Der Tagung ging eine Erklärung des Linken Bündnisse Dortmund zu, wo die Ereignisse des 1. Mai in der Stadt, das dreiste Auftreten der Nazis und der von der Politik, Verwaltung und Polizei nicht konsequent geführte Kampf gegen die Neonazis beschrieben und kritisiert wird.

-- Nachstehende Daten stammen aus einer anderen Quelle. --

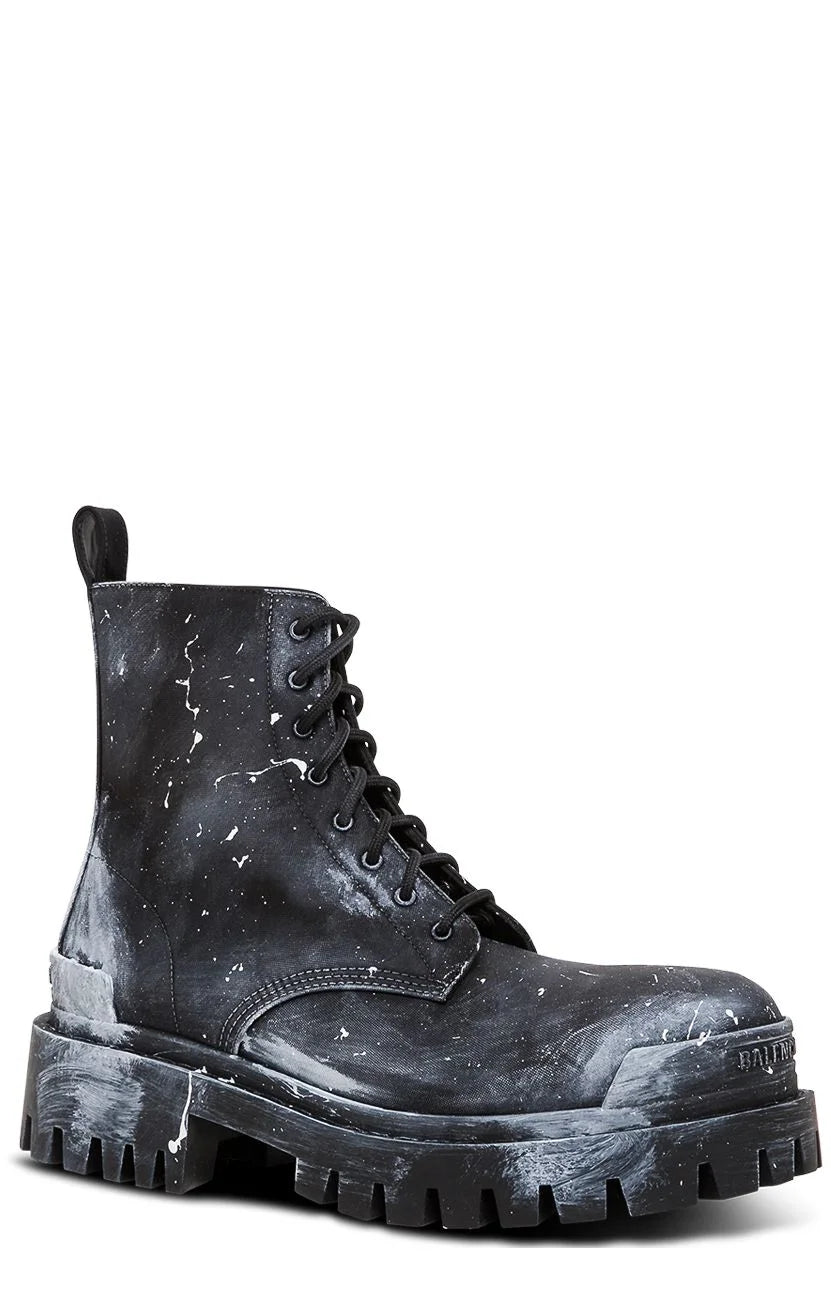Balenciaga combat strike painted effect boots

Im Grußschreiben der Bundestagsabgeordneten Ulla Jelpke (Die Linke) wurde ebenfalls zu dem Auftreten der Nazis in Dortmund Stellung genommen. »Es ist kein Zufall, dass die neonazis ihre größte Demonstration am 1. Mai ausgerechnet in Dortmund abhalten…Denn ähnlich wie in den ostdeutschen Bundesländern leiden auch hier viele Menschen unter den Folgen der neoliberalen Politik, unter Deindustrialisierung, Massenentlassungen, hoher Arbeitslosigkeit und Perspektivlosigkeit. Angesichts dieser kapitalistischen Verherrungen präsentieren sich die Neofaschisten als Vertreter der sozial Schwachen…«


Nazi-Unrat


Angesichts dieser Entwicklung – wobei nicht nur NPD oder die Kameradschaften, sondern auch Erscheinung aus der »Mitte der Gesellschaft« zu beachten wären, stellte sie fest, das die Neonazis nur in einem breiten außerparlamentarischen Bündnis zu stoppen wären. Dies müsse von Gewerkschaften, über kirchliche Gruppen, Emigratenvereinigungen, über Sozialisten bis zur autonomen Antifa reichen. »Daher ist ein Vernetzungstreffen wie jetzt in Leverkusen so wichtig«.



Auch Anne Frohnweiler, die Bezirksvorsitzende der DKP betonte in ihrem Grußschreiben, die Notwendigkeit des breiten »antifaschistischen und antimilitaristischen Grundkonsens« damit die Losung« Nie wieder Krieg – nie wieder Faschismus »wieder spürbar und erlebbar wird.« Als Gewerkschaftsmitglied begrüße sie die Unterstützung der Kampagne »Nonpd« durch den Gewerkschaftsrat von ver.di. Zugleich wies sie auch auf die Notwendigkeit hin, dass zu der Auseinadersetzung mit dem Neofaschismus auch notwendig, über die Ursachen des Faschismus zu sprechen. »Diese heutige Konferenz findet in Leverkusen statt, der Konzernzentrale des Bayer-Konzerns, ehemals IG Farben – für uns alle sicherlich ein Begriff! Zum antifaschistischen Kampf gehört unserer Auffassung nach auch die tägliche und kontinuierliche Auseinandersetzung mit dieser Konzerngeschichte und seiner Gegenwart. Denn wer von Faschismus redet, darf den Kapitalismus nicht verschweigen.«


»Nonpd«-Transparent am Haus der Kulturvereinigung


Die angesprochene Konzerngeschichte kam auch in einer Dokumentation vor, die die Kulturvereinigung Leverkusen e.V. allen Teilnehmern überreichte und die die antifaschistische Geschichte Leverkusens darstellte. Auf der Konferenz wurden abschließend Beispiele von erfolgreichen öffentlichen Unterschriftensammlungen unter den Aufruf »Nonpd« berichtet. So wurden aus Krefeld 530, aus Essen 1000 Unterschriften übergeben und zwei Schülerinnen aus Ostwestfalen brachten mehrer Unterschriftslisten mit, die sie in ihrer Schule gesammelt hatten. Insgesamt wurden an diesem Tage 2320 Unterschriften übergeben.

Zum Schluss der Konferenz wurde der Wunsch geäußert, diese seit vielen Jahren durchgeführten Zusammenkünfte mit ihren hilfreichen Orientierungen, auch im nächsten Jahr in einer anderen Stadt durchzuführen.